The BOOST benchmarks also became the proving ground for the machine learning revolution in collider physics. Six of the paper’s top 15 citers are ML-for-jets papers: jet images (247 citations), deep learning jet images (382 citations), ParticleNet (648 citations), Energy Flow Networks (369 citations), DeepTop (257 citations), and the Machine Learning Landscape of Top Taggers benchmark comparison (272 citations). The boosted-object tagging challenges defined in the BOOST workshops created the datasets and performance targets that the ML community adopted. The Reviews of Modern Physics survey of jet substructure (377 citations) and the comprehensive Phys. Reports review (637 citations) both trace the field’s development through the BOOST series.
Recollections
I helped create the BOOST conference series three years before this report, as a way of unifying the techniques around what had been a scattered set of observations: formerly heavy particles, now produced with enough momentum that their decay products become collimated and appear as single jets. Traditional experimental and theoretical analyses often required jet isolation, which meant these events were excluded entirely. The early BOOST conferences were important in establishing jet substructure as a legitimate and important technique at both the Tevatron and the LHC rather than an exotic curiosity. I served on the advisory committee and helped with organization.

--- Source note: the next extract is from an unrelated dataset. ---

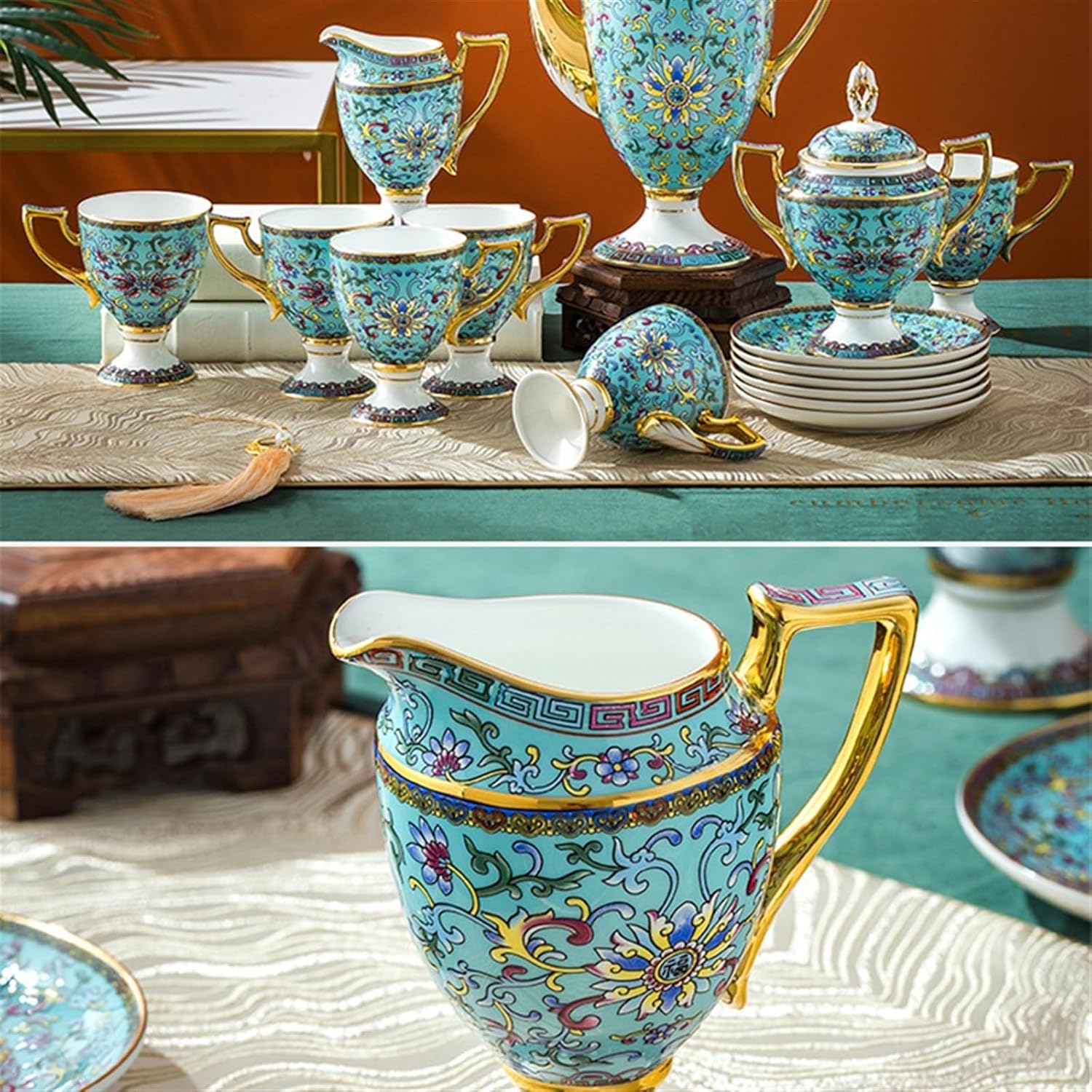 Beverage Serveware 15-piece afternoon tea coffee set bone china coffee cup and saucer set multifunctional household tea set tea party essentials Water Carafe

My main intellectual contribution to the substructure program was a paper called “Jet Dipolarity: Top Tagging with Color Flow,” written with my Stanford graduate students Anson Hook and Martin Jankowiak. The idea was to use jet shapes beyond simple clustering to identify whether a jet’s internal structure came from a color-singlet object, like a W boson, where color flow concentrates energy between the two subjets, versus a colored object, where the color flow radiates out of the jet. Dipolarity provided a handle on the color structure of the decay, not just the kinematics, which was a different kind of information than most substructure tools were using at the time.